The job is to find each line of the records below that includes the word "Used" and copy it.

━━ Recorded data ━━

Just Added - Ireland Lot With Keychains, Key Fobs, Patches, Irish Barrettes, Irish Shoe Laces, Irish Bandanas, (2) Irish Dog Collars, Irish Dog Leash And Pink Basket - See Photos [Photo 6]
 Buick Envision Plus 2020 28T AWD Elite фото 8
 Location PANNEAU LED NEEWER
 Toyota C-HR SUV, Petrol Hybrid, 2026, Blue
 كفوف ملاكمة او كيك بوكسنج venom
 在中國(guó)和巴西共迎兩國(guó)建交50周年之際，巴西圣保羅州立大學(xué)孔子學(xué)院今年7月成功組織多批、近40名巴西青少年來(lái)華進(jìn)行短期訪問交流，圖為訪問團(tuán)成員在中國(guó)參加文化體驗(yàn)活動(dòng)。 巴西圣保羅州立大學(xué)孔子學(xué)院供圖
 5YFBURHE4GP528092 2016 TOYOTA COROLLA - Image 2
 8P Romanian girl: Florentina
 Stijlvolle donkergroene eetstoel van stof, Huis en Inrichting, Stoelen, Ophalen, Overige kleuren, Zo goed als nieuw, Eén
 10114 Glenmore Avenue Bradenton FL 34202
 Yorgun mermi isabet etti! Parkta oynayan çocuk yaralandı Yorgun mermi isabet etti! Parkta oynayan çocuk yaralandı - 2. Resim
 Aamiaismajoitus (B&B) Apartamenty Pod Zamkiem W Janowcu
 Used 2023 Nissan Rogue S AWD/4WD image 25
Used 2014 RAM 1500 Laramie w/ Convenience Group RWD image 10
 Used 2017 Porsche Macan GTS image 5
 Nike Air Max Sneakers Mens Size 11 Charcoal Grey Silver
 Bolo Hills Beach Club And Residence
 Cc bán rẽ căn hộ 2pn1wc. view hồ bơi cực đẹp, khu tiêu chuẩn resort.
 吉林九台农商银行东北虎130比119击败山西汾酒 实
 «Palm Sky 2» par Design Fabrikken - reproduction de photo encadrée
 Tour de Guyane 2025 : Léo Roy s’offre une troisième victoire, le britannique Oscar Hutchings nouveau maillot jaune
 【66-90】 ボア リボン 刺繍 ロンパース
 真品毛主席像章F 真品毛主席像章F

━━━

= Response to this exercise =
 Used 2023 Nissan Rogue S AWD/4WD image 25
Used 2014 RAM 1500 Laramie w/ Convenience Group RWD image 10
 Used 2017 Porsche Macan GTS image 5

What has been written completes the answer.